Shipyard will need to mark Deckhand revisions with tags when there are successful deploy_site or update_site actions to be able to determine the last known good design. This is related to issue 16 for Shipyard, which utilizes the same need.
Note
Repeated from https://github.com/att-comdev/shipyard/issues/16
When multiple configdocs commits have been done since the last deployment, there is no ready means to determine what’s being done to the site. Shipyard should reject deploy site or update site requests that have had multiple commits since the last site true-up action. An option to override this guard should be allowed for the actions in the form of a parameter to the action.
The configdocs API should provide a way to see what’s been changed since the last site true-up, not just the last commit of configdocs. This might be accommodated by new deckhand tags like the ‘commit’ tag, but for ‘site true-up’ or similar applied by the deploy and update site commands.
The design for issue 16 includes the bare-minimum marking of Deckhand revisions. This design is as follows:
Scenario¶
Multiple commits occur between site actions (deploy_site, update_site) - those actions that attempt to bring a site into compliance with a site design. When this occurs, the current system of being able to only see what has changed between committed and the buffer versions (configdocs diff) is insufficient to be able to investigate what has changed since the last successful (or unsuccessful) site action. To accommodate this, Shipyard needs several enhancements.
Enhancements¶
Deckhand revision tags for site actions
Using the tagging facility provided by Deckhand, Shipyard will tag the end of site actions. Upon completing a site action successfully tag the revision being used with the tag site-action-success, and a body of dag_id:<dag_id>
Upon completion of a site action unsuccessfully, tag the revision being used with the tag site-action-failure, and a body of dag_id:<dag_id>
The completion tags should only be applied upon failure if the site action gets past document validation successfully (i.e. gets to the point where it can start making changes via the other Airship components)
This could result in a single revision having both site-action-success and site-action-failure if a later re-invocation of a site action is successful.
Check for intermediate committed revisions
Upon running a site action, before tagging the revision with the site action tag(s), the dag needs to check to see if there are committed revisions that do not have an associated site-action tag. If there are any committed revisions since the last site action other than the current revision being used (between them), then the action should not be allowed to proceed (stop before triggering validations). For the calculation of intermediate committed revisions, assume revision 0 if there are no revisions with a site-action tag (null case)
If the action is invoked with a parameter of allow-intermediate-commits=true, then this check should log that the intermediate committed revisions check is being skipped and not take any other action.
Support action parameter of allow-intermediate-commits=true|false
In the CLI for create action, the –param option supports adding parameters to actions. The parameters passed should be relayed by the CLI to the API and ultimately to the invocation of the DAG. The DAG as noted above will check for the presense of allow-intermediate-commits=true. This needs to be tested to work.

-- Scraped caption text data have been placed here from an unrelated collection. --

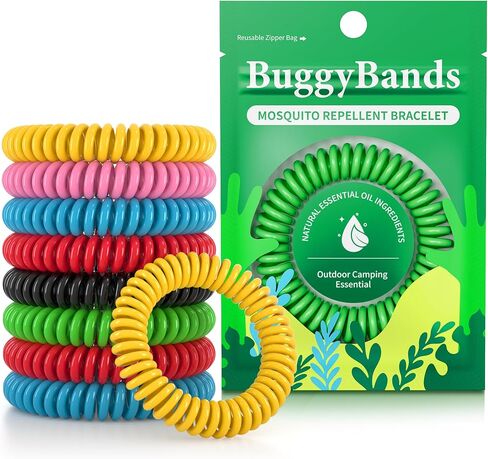 BuggyBands 24 عبوة من الأساور الطاردة للبعوض خالية من DEET للبالغين والأطفال in Kuwait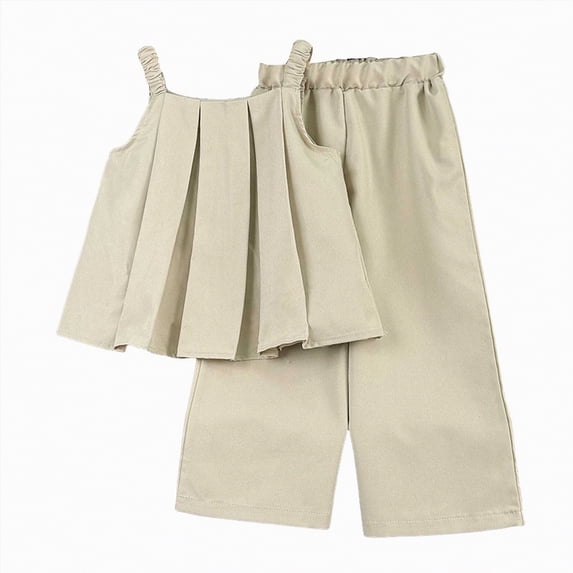 kpoplk Toddler Baby Girl Summer 2Pcs Outfit Set Sleeveless Ruffle Crop Top with Cotton Linen Pants Solid Color Clothes Size 2-3 Years,Khaki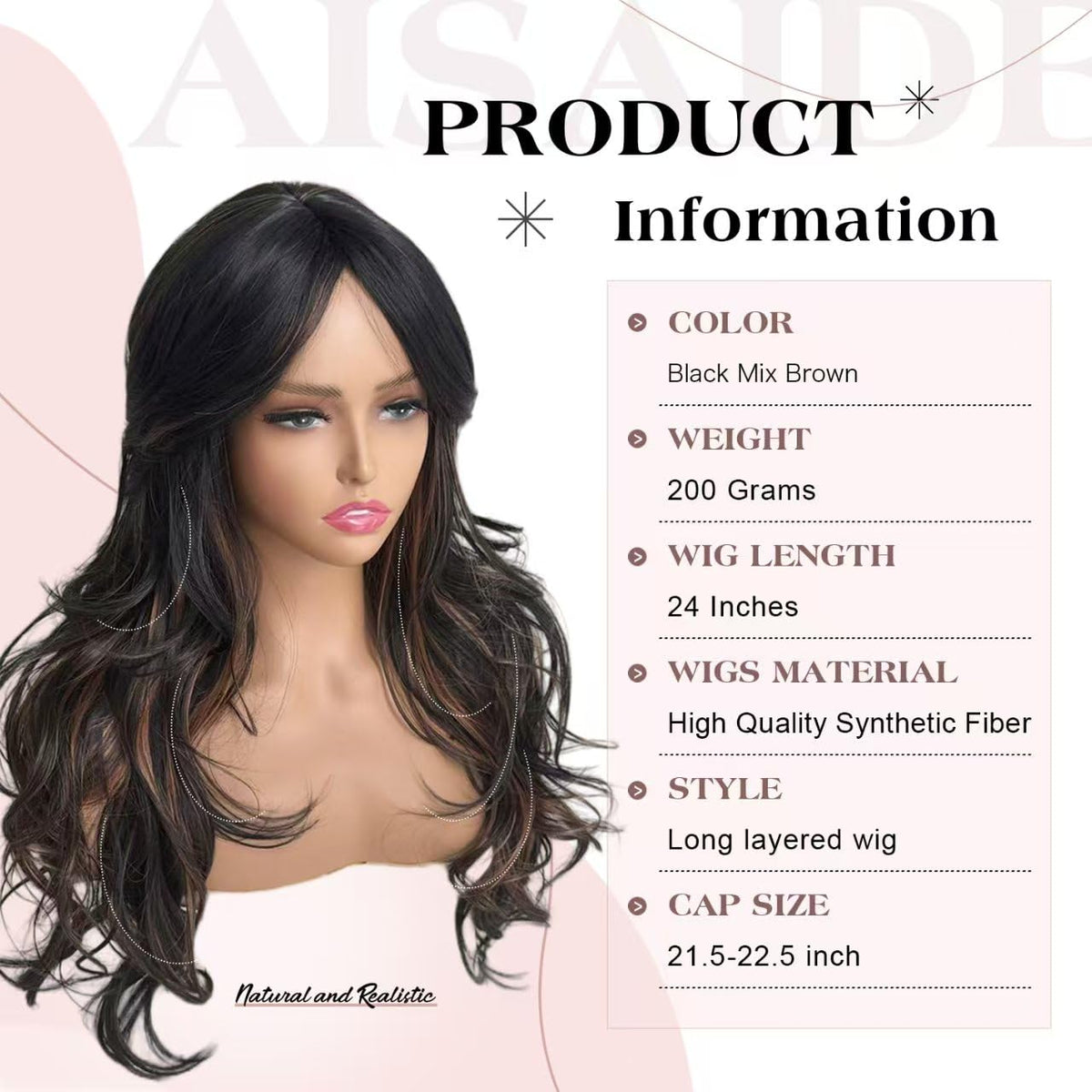 Aisaide synthetic wig texture soft feel and easy maintenance for busy mornings.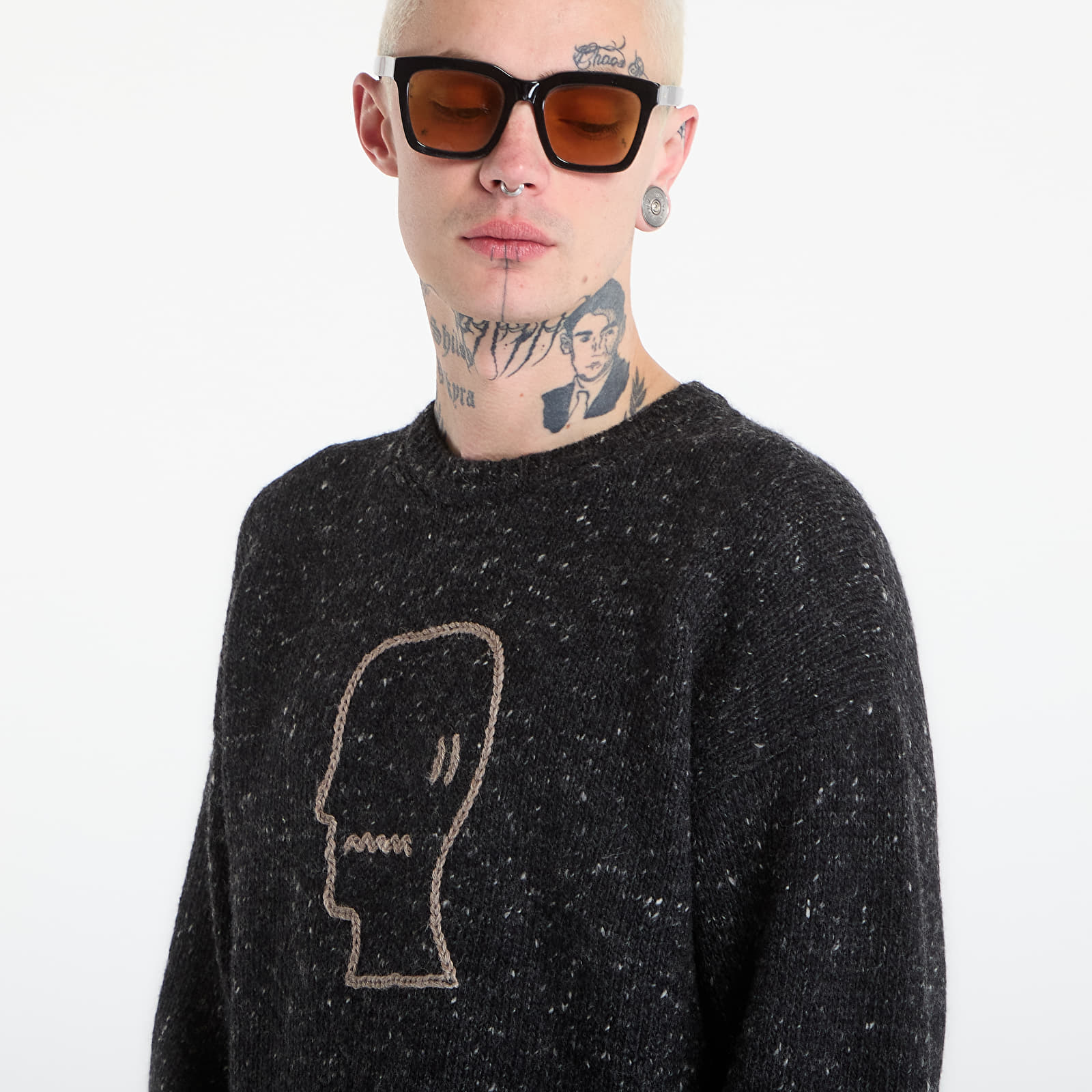 Puloveri Brain Dead Logohead Alpaca Crewneck Sweater Char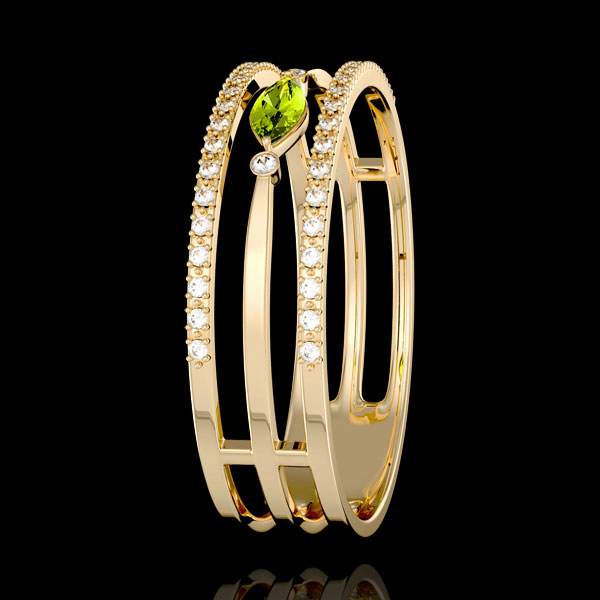 Regard d'Orient ring - large size - peridot and diamonds - yellow gold 9 carats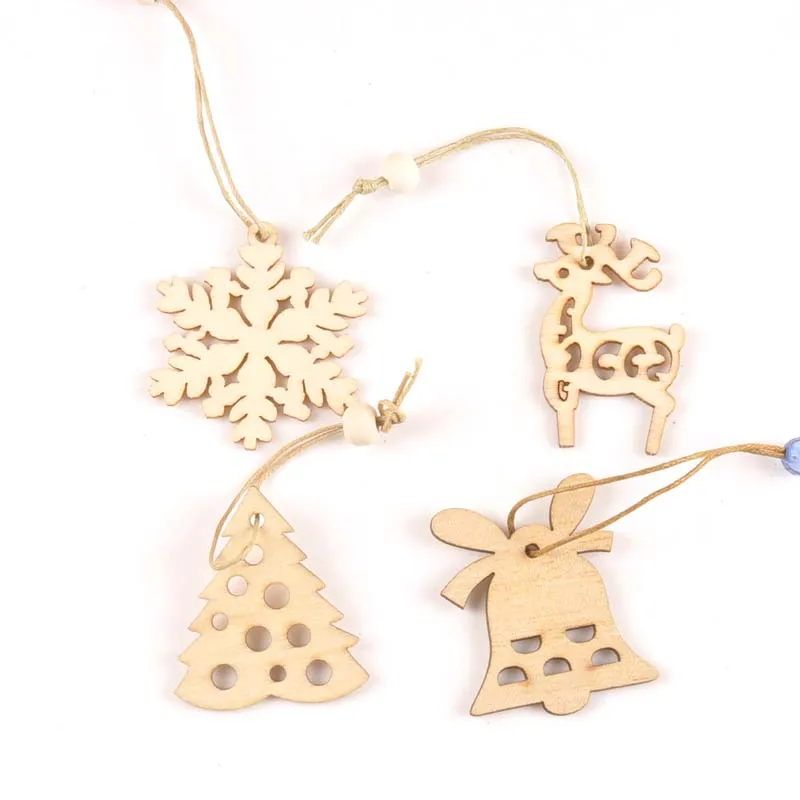 

4 шт., деревянные подвесные украшения для новогодней ёлки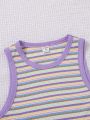 SHEIN Teen Girl Knitted Ribbed Colorful Colorblock Casual Tank Top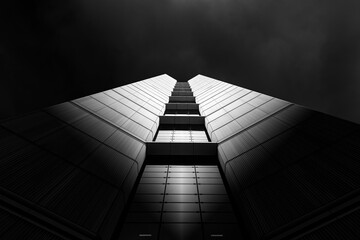 office building and  dark sky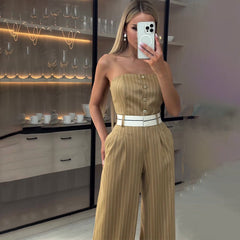 Summer Tube Top High Waist Jumpsuit Off Shoulder Striped Wide-leg Pants Women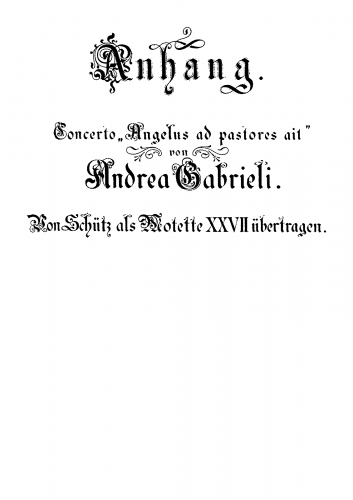 Gabrieli - Angelus ad pastores - Score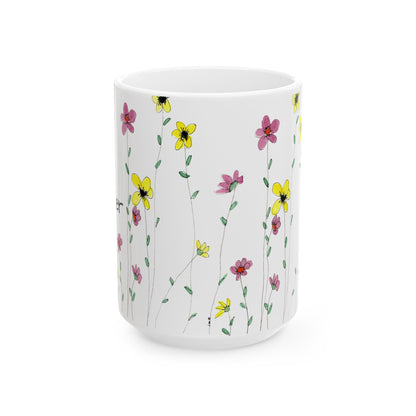 Wildflowers Ceramic Mug - Mom Coffee Cup, Gift for Friends, Gardeners, Summer Drinkware, Tea Lover's Mug, pink floral Kitchen Decor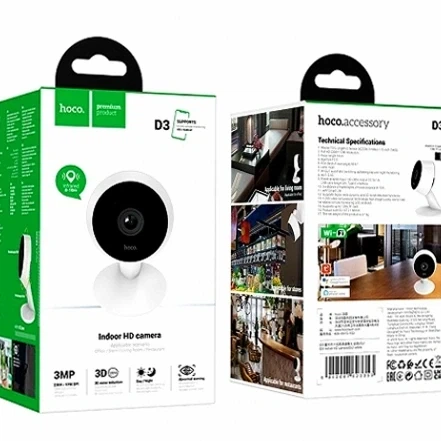 Смарт камера Hoco D3 Wireless 3MP Full HD Wi-Fi белая для дома и офиса - Фото 3 Смарт камера Hoco D3 Wireless 3MP Full HD Wi-Fi белая для дома и офиса - изображение 3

Shipyard needs to support retrieving configdocs and rendered documents for the last successful site action, and last site action (successful or not successful)
–successful-site-action –last-site-action These options would be mutually exclusive of –buffer or –committed
Shipyard diff (shipyard get configdocs)
Needs to support an option to do the diff of the buffer vs. the last successful site action and the last site action (succesful or not successful).
Currently there are no options to select which versions to diff (always buffer vs. committed)
support: –base-version=committed | successful-site-action | last-site-action (Default = committed) –diff-version=buffer | committed | successful-site-action | last-site-action (Default = buffer)
Equivalent query parameters need to be implemented in the API.
Because the implementation of this design will result in the tagging of successful site-actions, Shipyard will be able to determine the correct revision to use while attempting to teardown a node.
If the request to teardown a node indicates a revision that doesn’t exist, the command to do so (e.g. redeploy_server) should not continue, but rather fail due to a missing precondition.
The invocation of the Promenade and Drydock steps in this design will utilize the appropriate tag based on the request (default is successful-site-action) to determine the revision of the Deckhand documents used as the design-ref.
The redeploy_server action currently accepts a target node. Additional supported parameters are needed:
- preserve-local-storage=true which will instruct Drydock to only wipe the OS drive, and any other local storage will not be wiped. This would allow for the drives to be remounted to the server upon re-provisioning. The default behavior is that local storage is not preserved.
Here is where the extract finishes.